Task to complete ::
Extract only the first line of the listing and every line after it up to and including the one with "Building Photo - Gorgeous". Omit the pictures.

Provided information ::
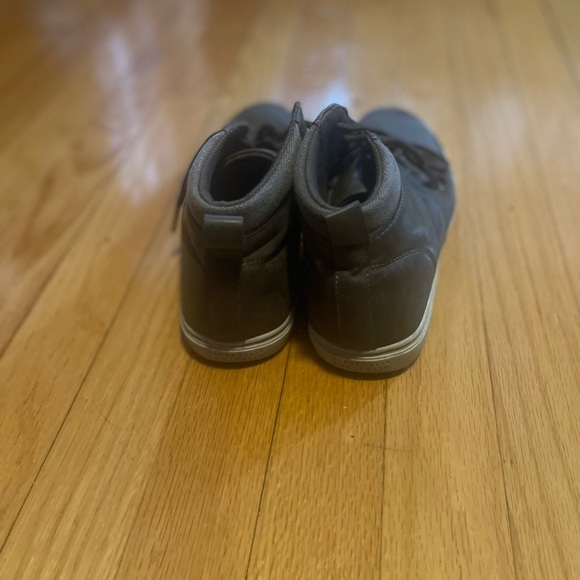 Perry Ellis santa cruz - Picture 4 of 4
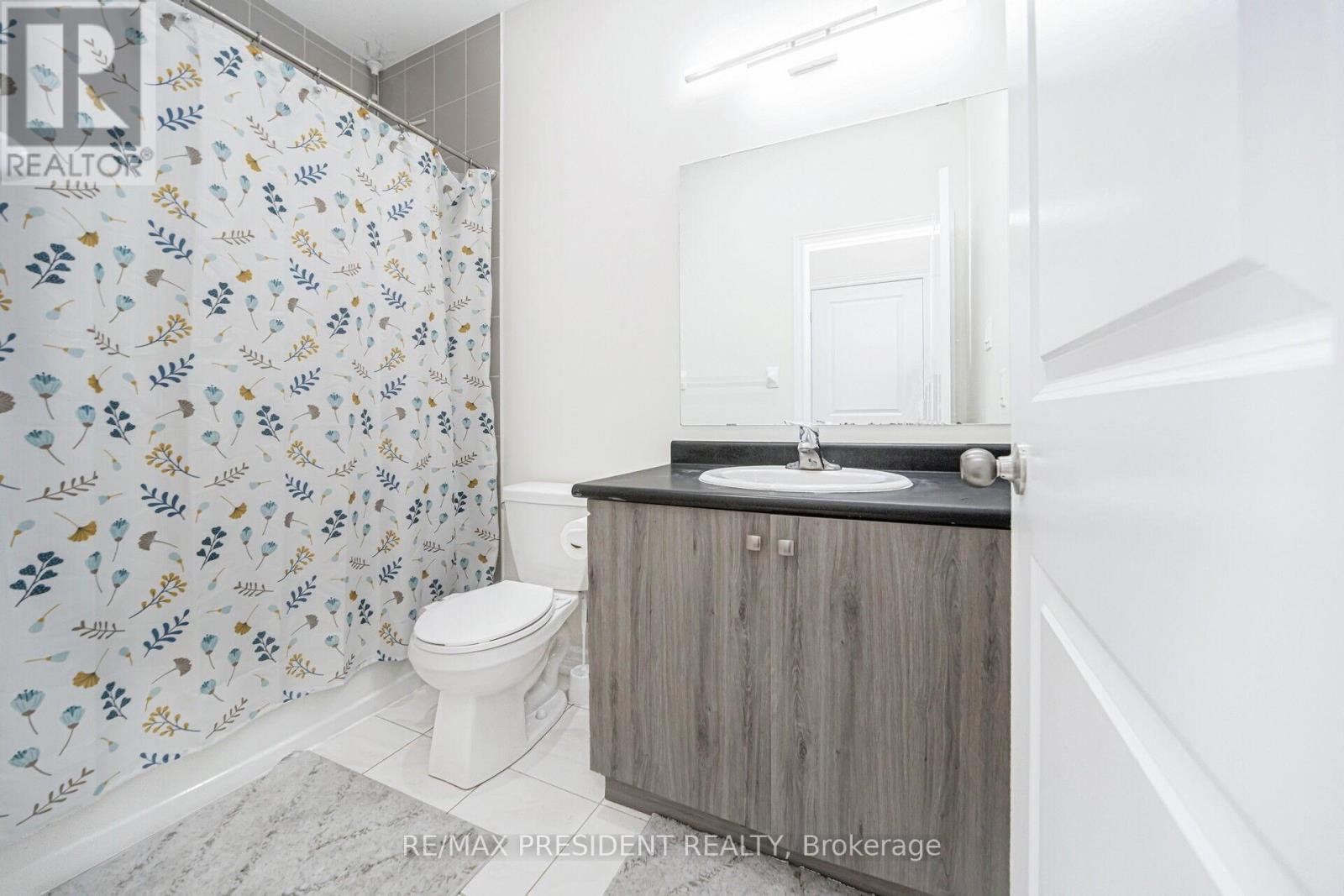 25 Adventura Road, Brampton, Ontario  L7A 5A7 - Photo 31 - W12429498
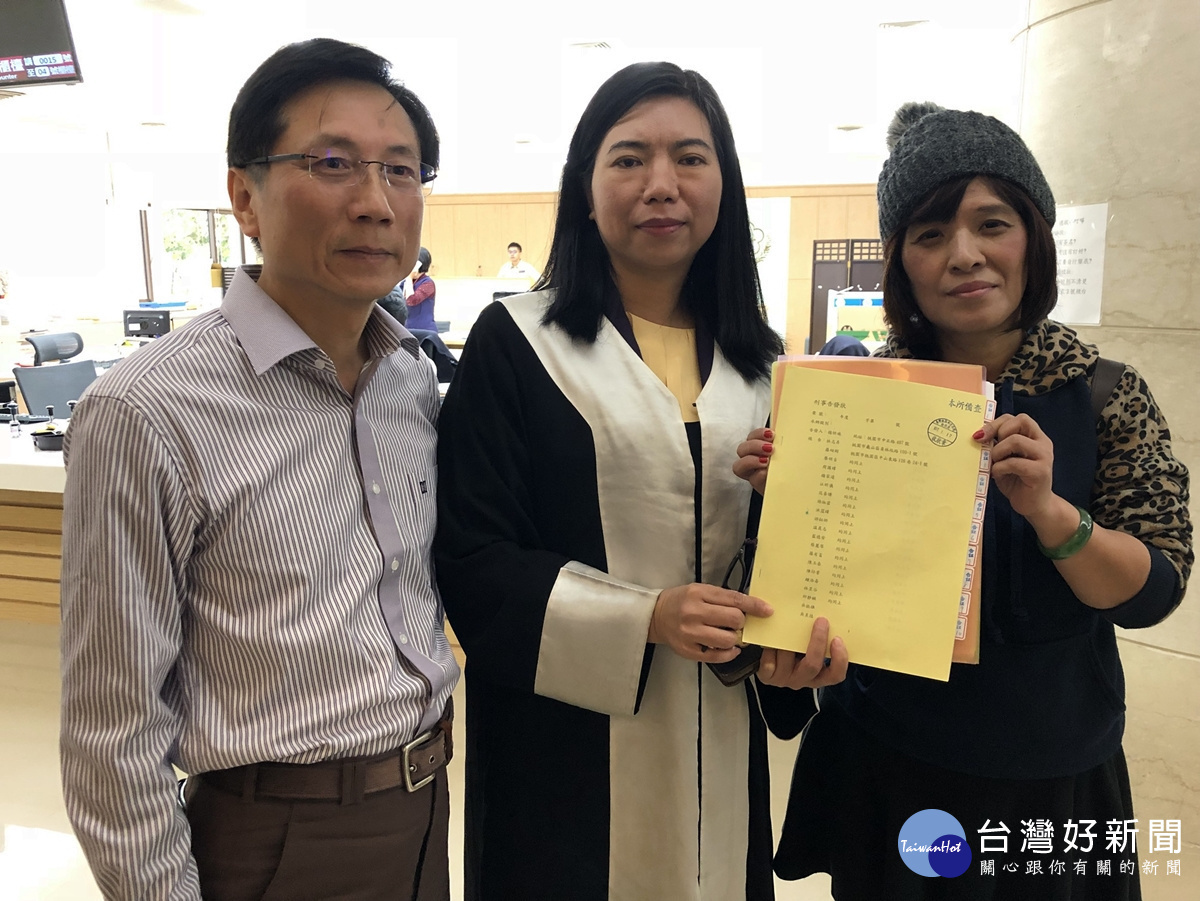 藍天行動聯盟委託陳麗玲律師對台灣民政府違反國安法提出告訴,詹江村市議員也前來聲援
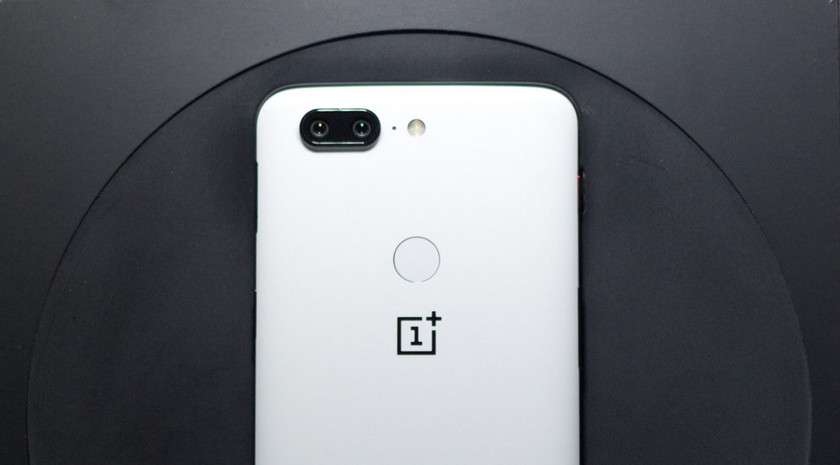 oneplus-5t-sandstone-white-leak.jpg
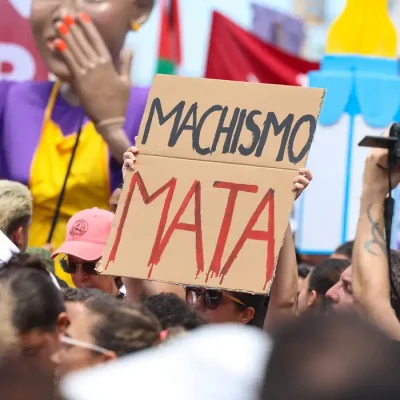 Rio de Janeiro (RJ), 08/03/2026 – Ato do Dia Internacional da Mulher ocupa a praia de Copacabana, na zona sul do Rio, pedindo o fim das violências contra as mulheres. Foto: Tomaz Silva/Agência Brasil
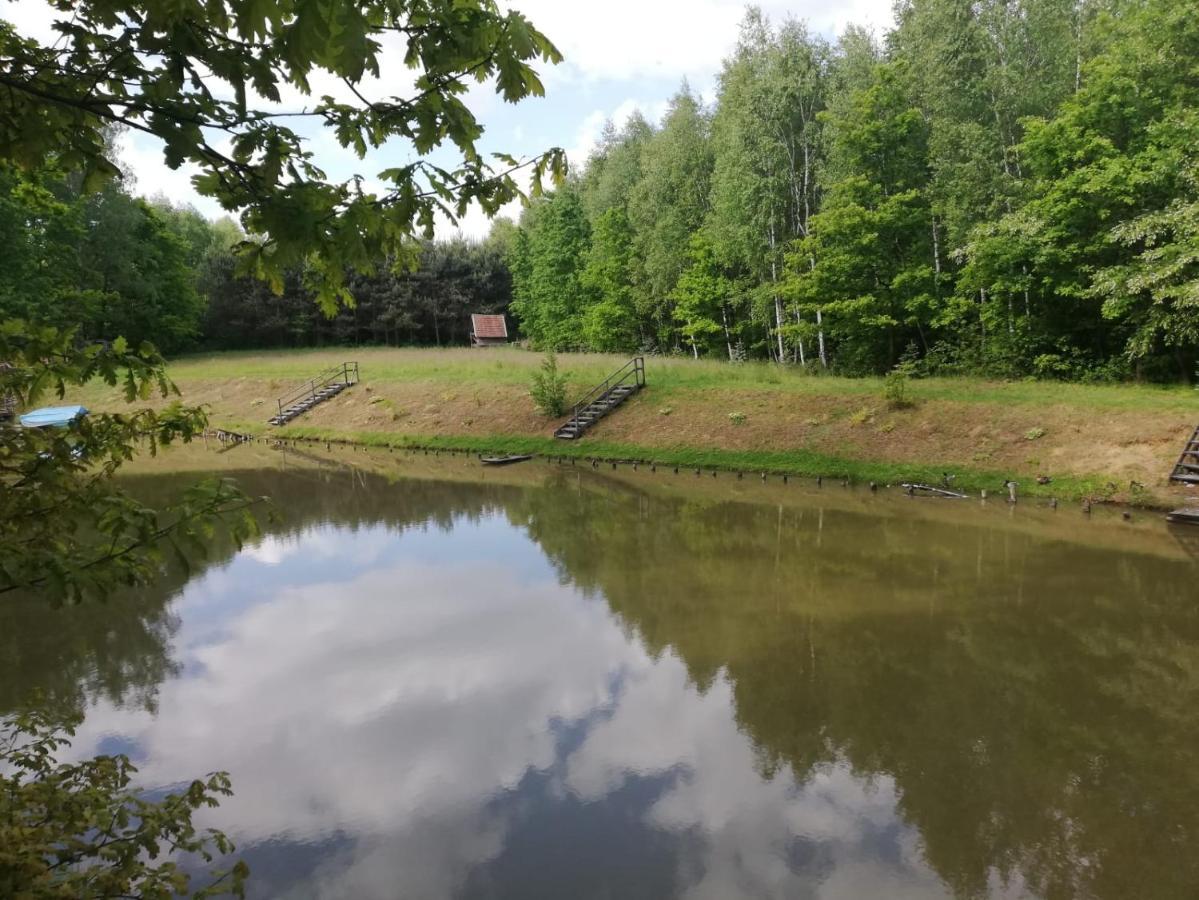 Noclegi Dwor Szlachecki Biedaczow Exterior photo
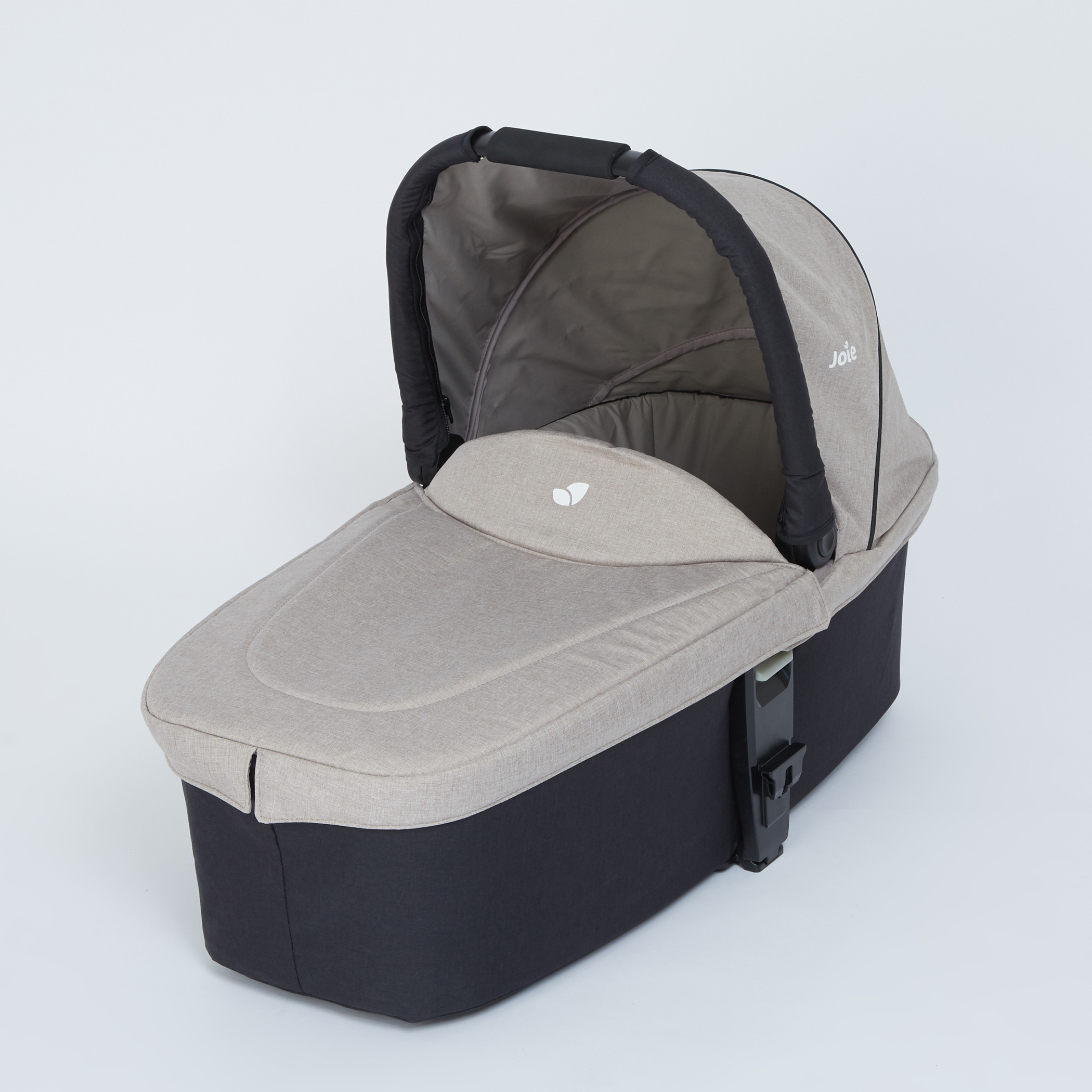 Carry cheap cot joie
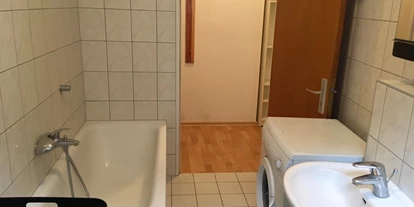 Monteurwohnung - Bettwäsche: keine Bettwäsche - PLZ 10779 (Deutschland) - 1 schönes Zimmer mit Kochmöglichkeit und großem Badezimmer! Separater Eingang!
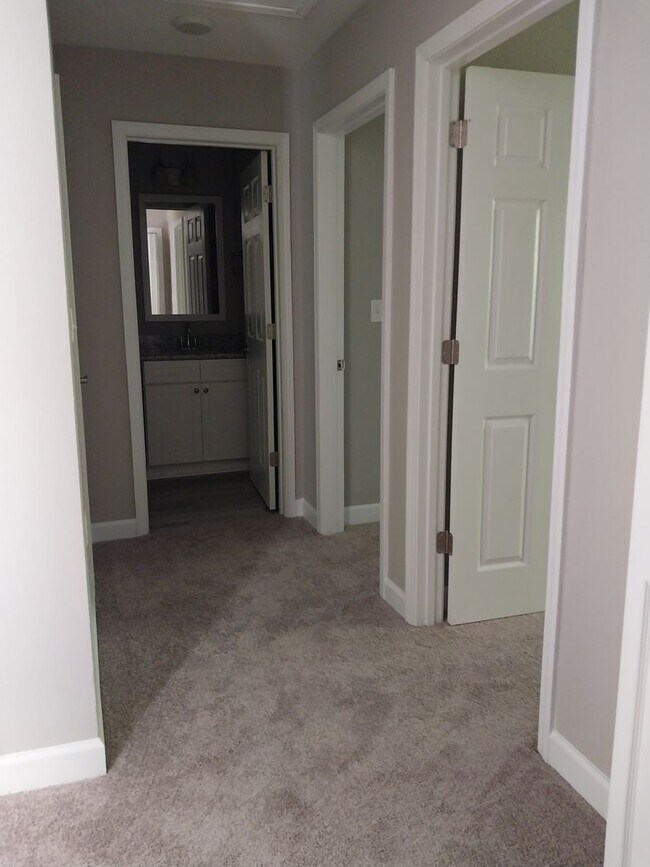 Building Photo - Gorgeous 3 Bedroom 2.5 Bath Townhome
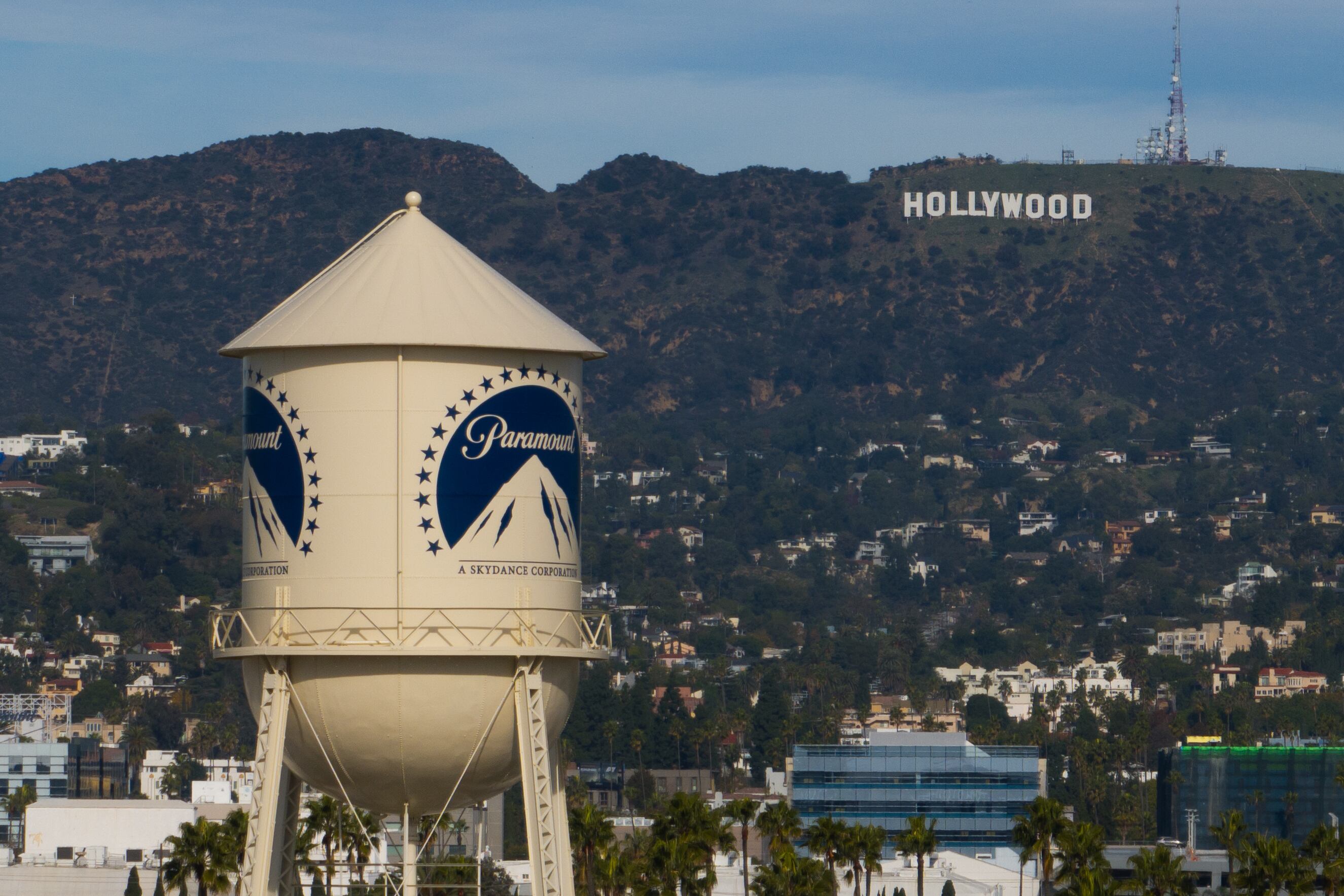 La fecha del juicio antimonopolio por la fusión entre Paramount y Warner Bros. Discovery sigue pendiente entre la propuesta del 4 de noviembre de 2026 y la del 5 de abril de 2027 (Foto AP/Jae C. Hong).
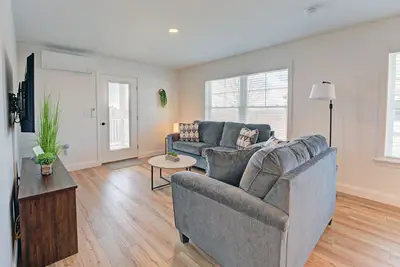 Image de Rustic Charm Meets Modern Luxury: Stylish 2br, 1ba Apartment
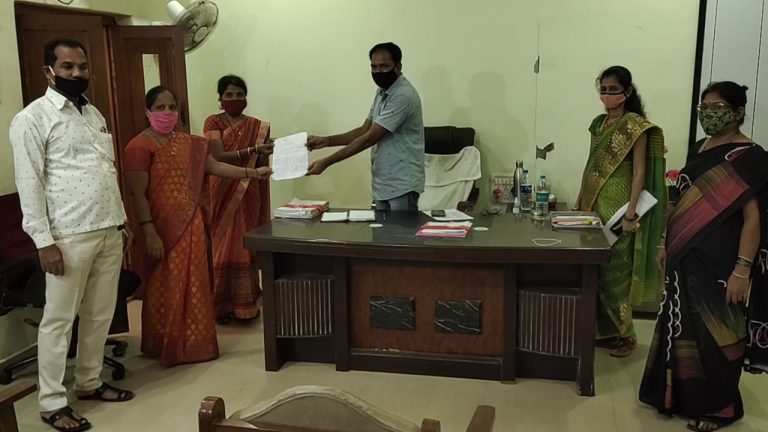 उमेद अभियान वाचावा, सह्याद्री प्रभागसंघ फोंडाघाटच्या महिला पदाधिकाऱ्यांनी दिले गटविकास अधिकाऱ्यांना निवेदन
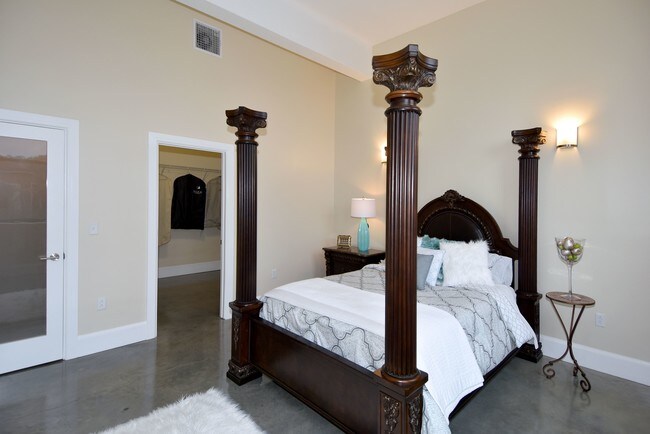 Master bedroom with enormous walk-in closet - 2301 Mission St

Answer to the problem ::
 Perry Ellis santa cruz - Picture 4 of 4
 25 Adventura Road, Brampton, Ontario  L7A 5A7 - Photo 31 - W12429498
 藍天行動聯盟委託陳麗玲律師對台灣民政府違反國安法提出告訴,詹江村市議員也前來聲援
 oneplus-5t-sandstone-white-leak.jpg
 Rio de Janeiro (RJ), 08/03/2026 – Ato do Dia Internacional da Mulher ocupa a praia de Copacabana, na zona sul do Rio, pedindo o fim das violências contra as mulheres. Foto: Tomaz Silva/Agência Brasil
 Noclegi Dwor Szlachecki Biedaczow Exterior photo
 Carry cheap cot joie
 Monteurwohnung - Bettwäsche: keine Bettwäsche - PLZ 10779 (Deutschland) - 1 schönes Zimmer mit Kochmöglichkeit und großem Badezimmer! Separater Eingang!
 Building Photo - Gorgeous 3 Bedroom 2.5 Bath Townhome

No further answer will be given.